JaRon Harris

No. 81
- Position: Wide receiver

Personal information
- Born: May 6, 1986 (age 40) Sioux Falls, South Dakota
- Listed height: 6 ft 0 in (1.83 m)
- Listed weight: 193 lb (88 kg)

Career information
- High school: Washington (Sioux Falls, South Dakota)
- College: South Dakota State
- NFL draft: 2009: undrafted

Career history
- Green Bay Packers (2009)*;
- * Offseason or practice squad member only

= JaRon Harris =

American football player (born 1986)

JaRon Jacob Harris (born May 6, 1986) is an American former football wide receiver. He was signed by the Green Bay Packers as an undrafted free agent. He played college football at South Dakota State.

==Early life==
Harris played only one year of high school football as a senior for Washington High School (Sioux Falls, South Dakota). He graduated at the end of the 2003-'04 school year.

==College career==
Harris played football at South Dakota State University, as a wide receiver/kick returner. A three-year starter, he was awarded all-Conference honors since his sophomore campaign and named as an all America player 08-09 season. He led South Dakota State in receiving the 2007-'08 seasons posting 70 receptions, 966 yards, 11 touchdowns as a senior after 40 receptions, 644 yards and 7 touchdowns the prior year. He was also productive returning kicks throughout his college career. He finished up his college years of football with 145 receptions, 2,144 yards and 23 touchdowns.

==Professional career==

===Pre-draft===
NFL Scouts from the Minnesota Vikings, Chicago Bears and Dallas Cowboys worked Harris at SDSU's pro day work out, in which he ran a 4.35 40-yard dash. Other interests from the Indianapolis Colts and Carolina Panthers had Harris flying out to attend some private work outs, where Harris ran a faster time.

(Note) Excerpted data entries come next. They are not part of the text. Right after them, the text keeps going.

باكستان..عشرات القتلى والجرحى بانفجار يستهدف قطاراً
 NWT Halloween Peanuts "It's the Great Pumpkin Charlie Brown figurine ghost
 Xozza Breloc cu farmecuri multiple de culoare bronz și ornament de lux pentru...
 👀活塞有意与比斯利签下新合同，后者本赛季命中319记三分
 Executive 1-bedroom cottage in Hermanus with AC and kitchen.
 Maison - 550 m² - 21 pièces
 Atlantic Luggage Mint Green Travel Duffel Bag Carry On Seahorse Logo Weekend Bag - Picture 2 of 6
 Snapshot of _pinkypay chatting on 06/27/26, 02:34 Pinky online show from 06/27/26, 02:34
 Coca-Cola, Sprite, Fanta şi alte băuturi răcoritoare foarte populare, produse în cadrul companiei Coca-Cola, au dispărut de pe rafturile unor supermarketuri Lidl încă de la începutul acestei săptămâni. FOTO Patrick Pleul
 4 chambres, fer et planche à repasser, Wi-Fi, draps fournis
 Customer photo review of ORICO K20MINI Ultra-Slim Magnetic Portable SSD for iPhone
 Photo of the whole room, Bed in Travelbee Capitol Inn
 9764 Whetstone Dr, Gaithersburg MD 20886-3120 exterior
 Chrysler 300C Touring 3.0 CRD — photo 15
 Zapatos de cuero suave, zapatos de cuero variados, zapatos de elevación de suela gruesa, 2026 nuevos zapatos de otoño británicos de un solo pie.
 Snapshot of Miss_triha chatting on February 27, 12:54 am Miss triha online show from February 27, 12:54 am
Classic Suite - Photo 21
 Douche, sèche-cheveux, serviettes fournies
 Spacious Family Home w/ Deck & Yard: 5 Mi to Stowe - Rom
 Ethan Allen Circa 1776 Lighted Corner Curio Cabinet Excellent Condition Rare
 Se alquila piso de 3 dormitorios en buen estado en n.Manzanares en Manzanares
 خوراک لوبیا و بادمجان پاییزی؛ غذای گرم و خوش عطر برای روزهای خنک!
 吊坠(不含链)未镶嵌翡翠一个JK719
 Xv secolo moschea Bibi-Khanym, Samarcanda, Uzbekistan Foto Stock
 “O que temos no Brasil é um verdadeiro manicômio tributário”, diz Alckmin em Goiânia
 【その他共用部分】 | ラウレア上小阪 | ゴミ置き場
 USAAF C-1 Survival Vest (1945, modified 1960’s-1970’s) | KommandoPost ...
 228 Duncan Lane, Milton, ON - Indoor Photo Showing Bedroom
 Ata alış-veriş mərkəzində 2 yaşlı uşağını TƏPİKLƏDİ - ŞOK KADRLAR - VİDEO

Harris expected a late round draft pick but during the later part of the seventh round of drafting Harris received calls from the Packers, Colts, New York Jets and Bears.

===Green Bay Packers===
Harris signed with the Green Bay Packers on May 1, 2009. He was waived on August 30.

==Personal==
His father, Ron, was selected by the Minnesota Vikings in the 1978 NFL draft.